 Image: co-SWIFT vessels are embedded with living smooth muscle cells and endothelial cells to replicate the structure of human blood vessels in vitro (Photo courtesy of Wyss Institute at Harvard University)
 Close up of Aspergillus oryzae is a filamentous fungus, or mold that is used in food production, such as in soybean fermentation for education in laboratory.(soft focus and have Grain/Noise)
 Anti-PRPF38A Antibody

---------------

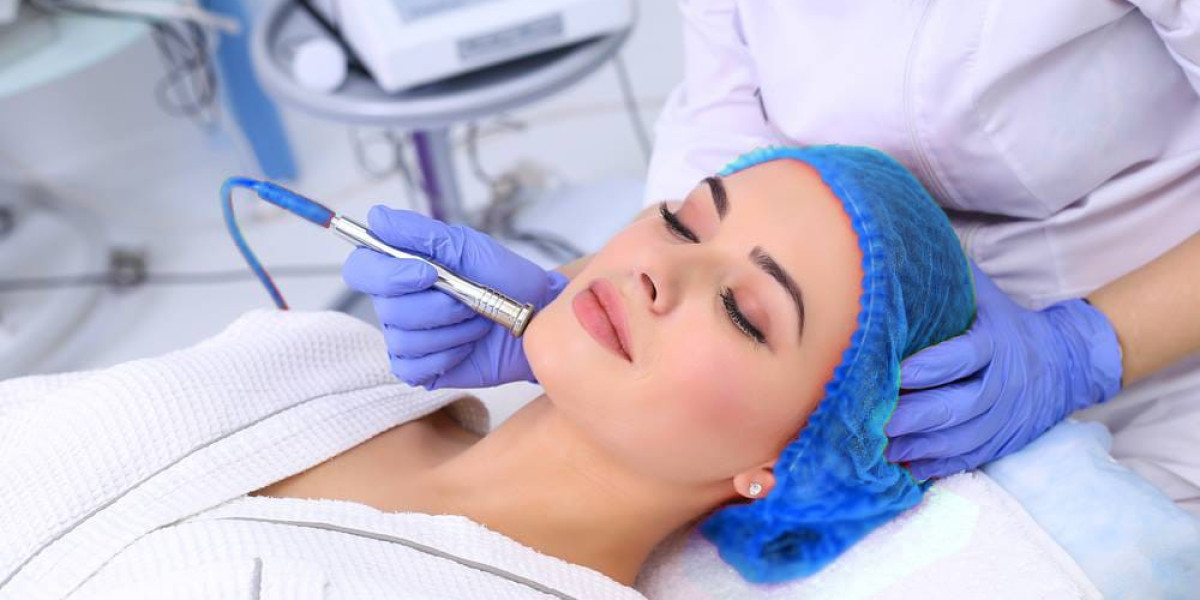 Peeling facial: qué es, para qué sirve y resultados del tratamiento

---------------

#### TASK TO COMPLETE:
Above are the records; copy exactly the lines from the line with "Image: co-SWIFT vessels" through the line with "Anti-PRPF38A Antibody", both included.

#### RESPONSE BELOW:
 Image: co-SWIFT vessels are embedded with living smooth muscle cells and endothelial cells to replicate the structure of human blood vessels in vitro (Photo courtesy of Wyss Institute at Harvard University)
 Close up of Aspergillus oryzae is a filamentous fungus, or mold that is used in food production, such as in soybean fermentation for education in laboratory.(soft focus and have Grain/Noise)
 Anti-PRPF38A Antibody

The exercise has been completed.